Excluding images, repeat the data exactly as given.

DATA PROVIDED:
=-=-=
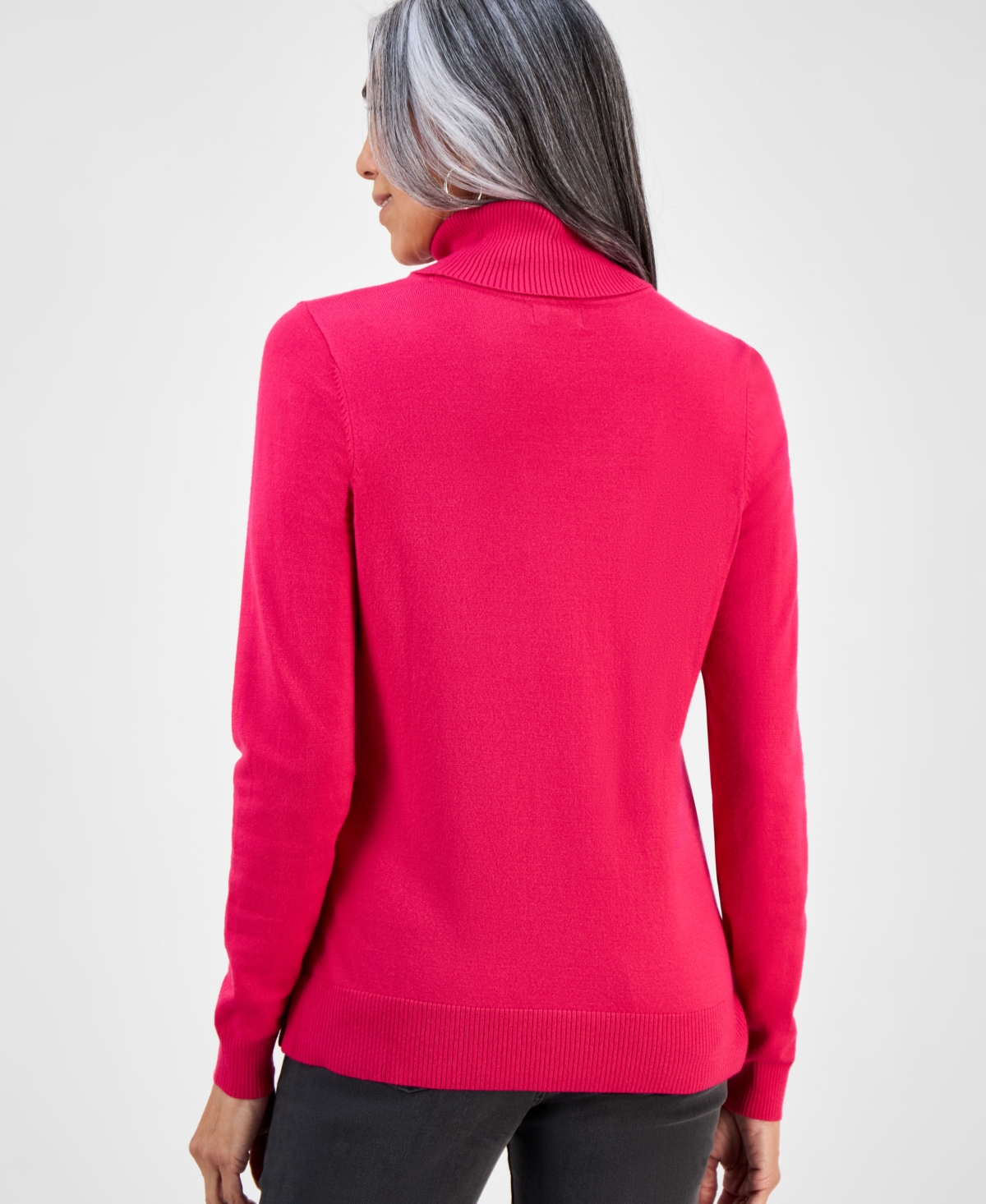 Style & Co Women's Long-sleeve Turtleneck Sweater, Created For Macy's In Pink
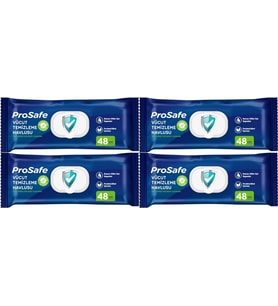 Prosafe Hasta Vücut Temizleme Islak Mendil Havlu 48 Yaprak XL (4 Lü Set) Plastik Kapak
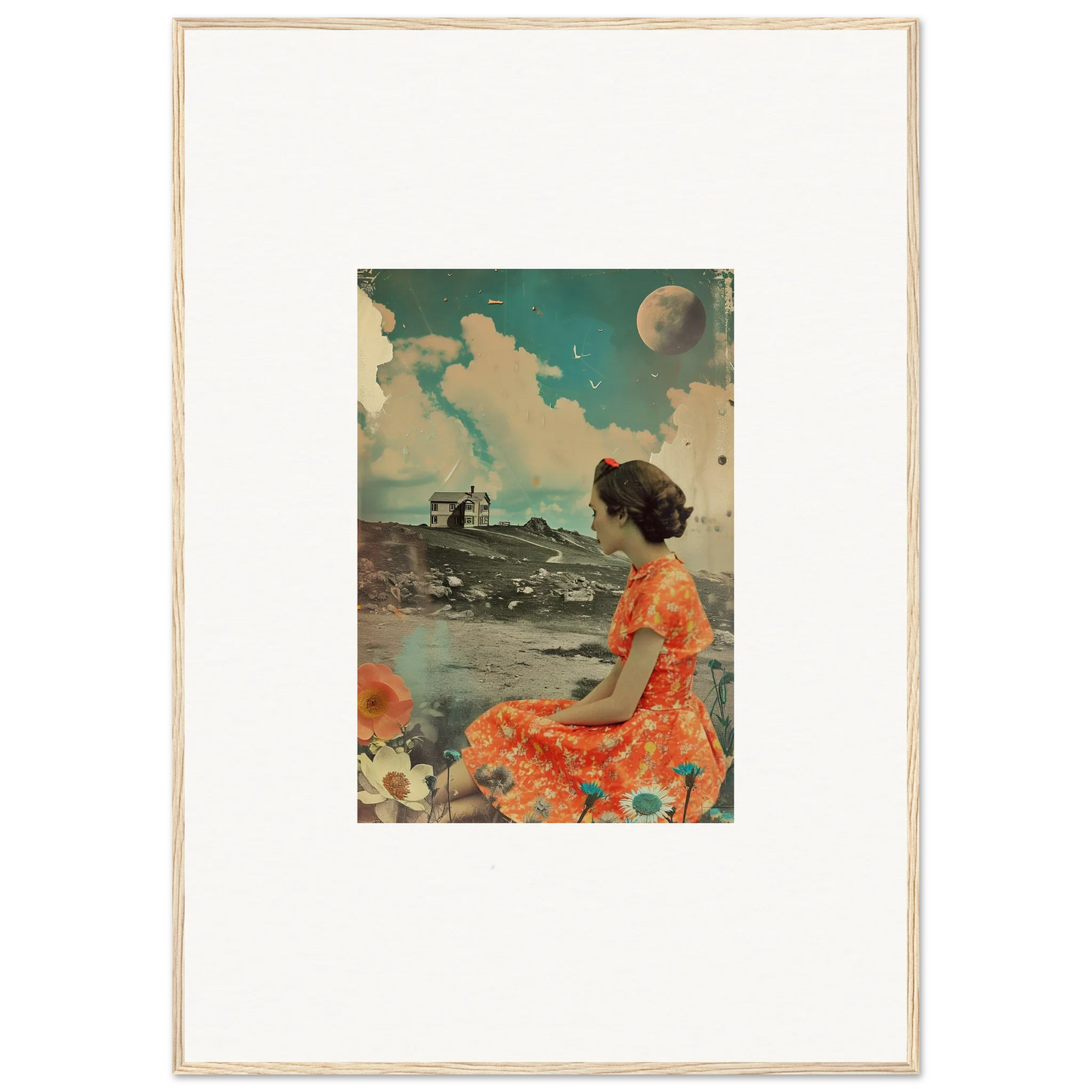 Vintage collage canvas print of a woman in an orange dress for colorful room decoration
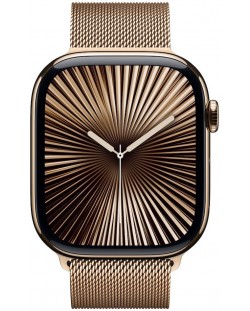 Смарт часовник Аpple - Watch S10 Cell, 42 mm, Gold Titanium Case with Gold Milanese Loop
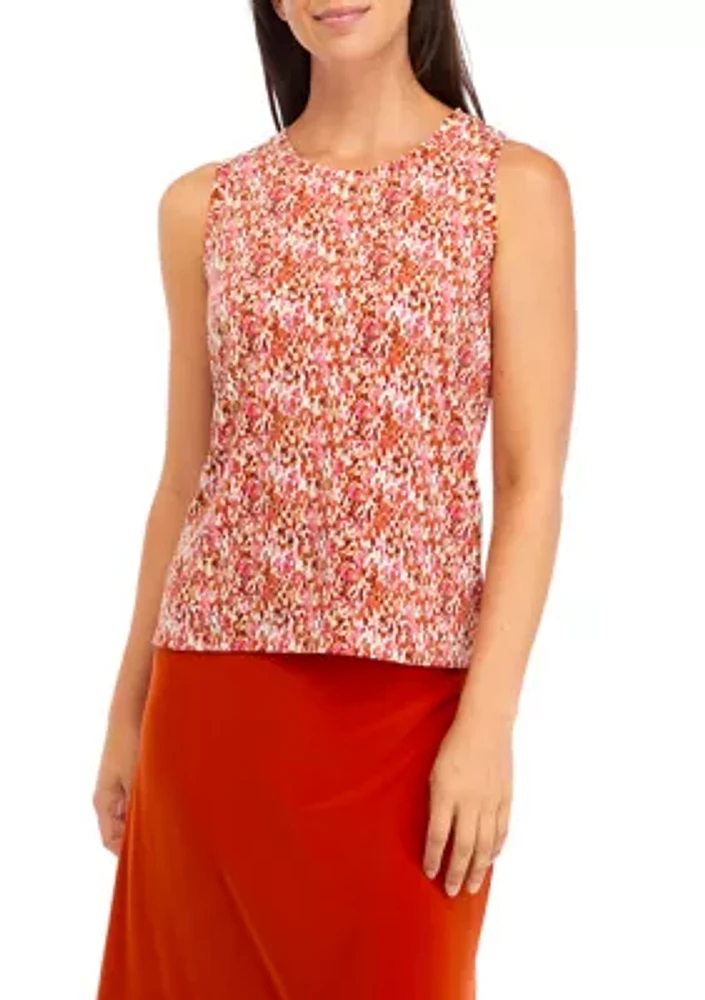 Women's Sleeveless Keyhole Back Printed Top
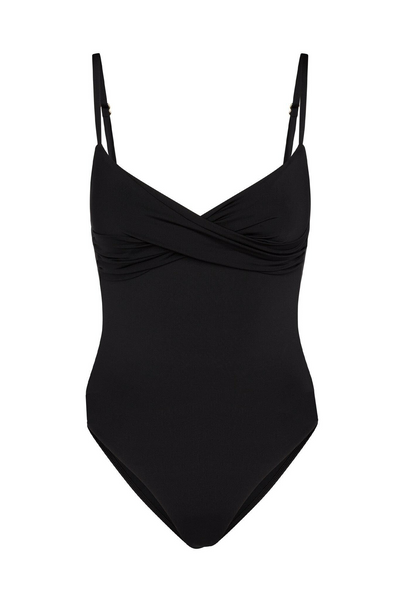 ONLY ONLOLGA RUFFLE SHAPE SWIMSUIT - Costume da bagno - black/nero ONLY ONLOLGA RUFFLE SHAPE SWIMSUIT - Costume da bagno - black/nero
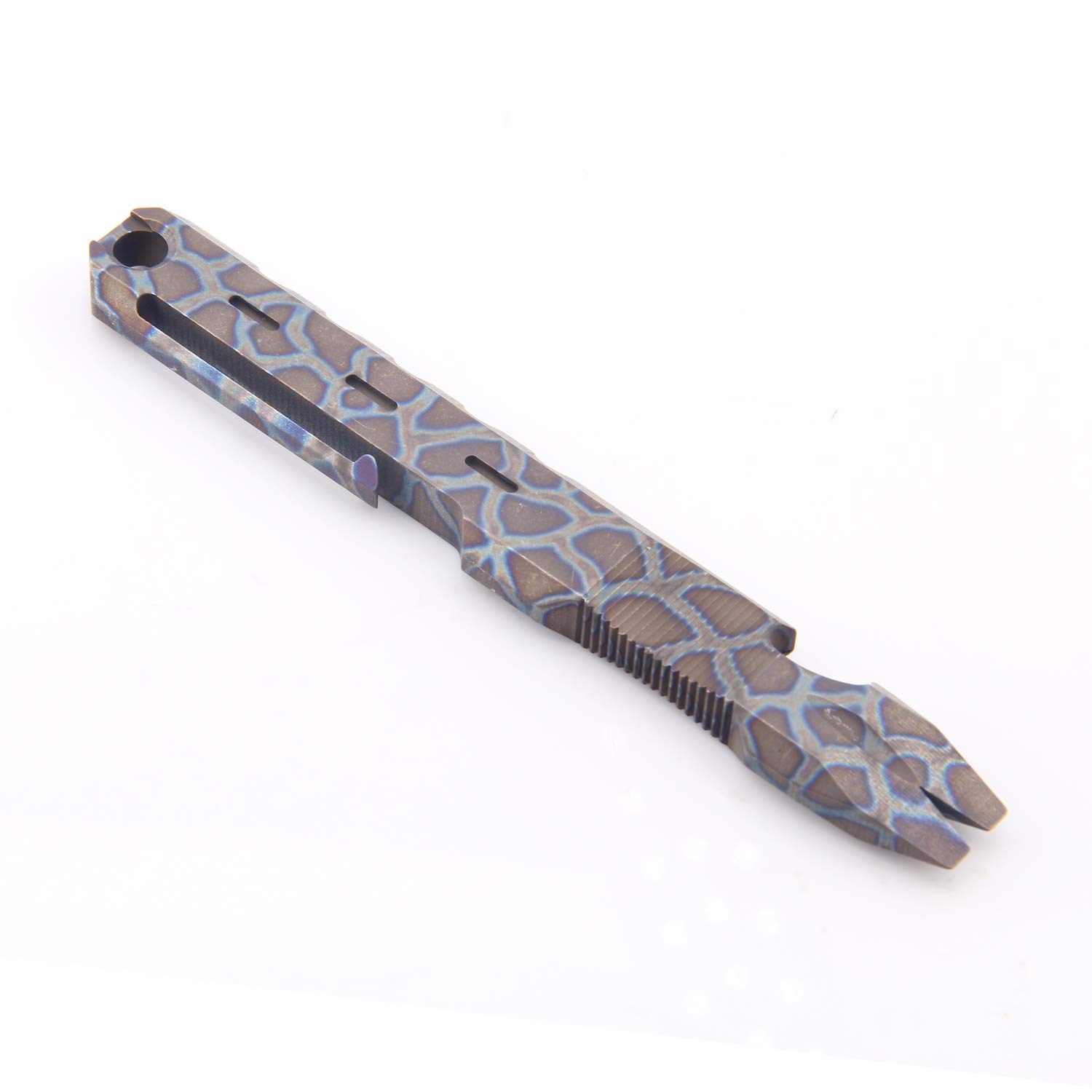 Hamans - Extractor de clavos de titanio para exteriores, con clip de bolsillo, gran resistencia, palanca EDC multifunción, herramienta de mano de Hamans (azul tostado)
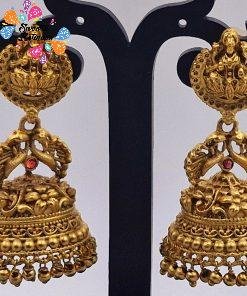 Lakshmi With Pearl Designer Matte Finished Jhumkha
=-=-=
SOLUTION TO THIS EXERCISE:
 Style & Co Women's Long-sleeve Turtleneck Sweater, Created For Macy's In Pink
 Prosafe Hasta Vücut Temizleme Islak Mendil Havlu 48 Yaprak XL (4 Lü Set) Plastik Kapak
 Vintage collage canvas print of a woman in an orange dress for colorful room decoration
 Смарт часовник Аpple - Watch S10 Cell, 42 mm, Gold Titanium Case with Gold Milanese Loop
 Women's Sleeveless Keyhole Back Printed Top
 ONLY ONLOLGA RUFFLE SHAPE SWIMSUIT - Costume da bagno - black/nero ONLY ONLOLGA RUFFLE SHAPE SWIMSUIT - Costume da bagno - black/nero
 Hamans - Extractor de clavos de titanio para exteriores, con clip de bolsillo, gran resistencia, palanca EDC multifunción, herramienta de mano de Hamans (azul tostado)
 Lakshmi With Pearl Designer Matte Finished Jhumkha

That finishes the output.